We would like to share more details about the events that occurred with Memsource between 11:30 and 1:00 PM CET on the 12th of May, 2021 which led to the degraded performance of the Editor for Web and Term Base functionality and what Memsource engineers are doing to prevent these sorts of issues from happening again.

Timeline

11:05 AM CET: Planned maintenance of the Term Base database (Elasticsearch) starts. 

11:37 AM CET: Automated monitoring reports increased response time for user requests. 

11:40 AM CET: Ongoing maintenance is identified as the cause of the increased response time. 

11:51 AM CET: Inoperational Term Base functionality negatively affects the operability of Quality Assurance checks and Autocomplete functions in Memsource Editors. 

11:55 AM CET: The recovery of Term Base functionality is in progress. Some Elasticsearch nodes become overloaded; the recovery process moves customer data from overloaded to healthy nodes. 
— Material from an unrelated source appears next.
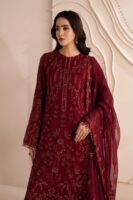 Afsafa Maroon Heavy Embroidered Chiffon Suit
13:00 PM CET: Term Base functionality is recovered and automated monitoring reports the system as fully operational. 

Root Cause

Not enough heap memory being available to the Term Base Elasticsearch cluster during a rolling restart resulted in a cascade effect and a long recovery time.

Actions to Prevent Recurrence

As a reaction to the problems:

  • The size of the Elasticsearch cluster will be increased to provide more overall heap space.
  • Additional monitoring is being established to provide an overview of the ratio between the heap space which can be freed during garbage collecting, used heap space and number of nodes in a cluster.

Conclusion

Finally, we want to apologize. We know how critical our services are to your business. Memsource as a whole will do everything to learn from this incident and use it to drive improvements across our services. As with any significant operational issue, Memsource engineers will be working tirelessly over the next coming days and weeks on improving their understanding of the incident and determine how to make changes that improve our services and processes.

Posted May 13, 2021 - 16:09 CEST

Resolved
We have resolved the degraded performance of Editor for Web and Term Base components.
Posted May 12, 2021 - 13:00 CEST
Identified
We are encountering unexpected performance downgrade due to planned system maintenance.
Posted May 12, 2021 - 11:30 CEST
This incident affected: Memsource (SLA) (Editor for Web, Term Base).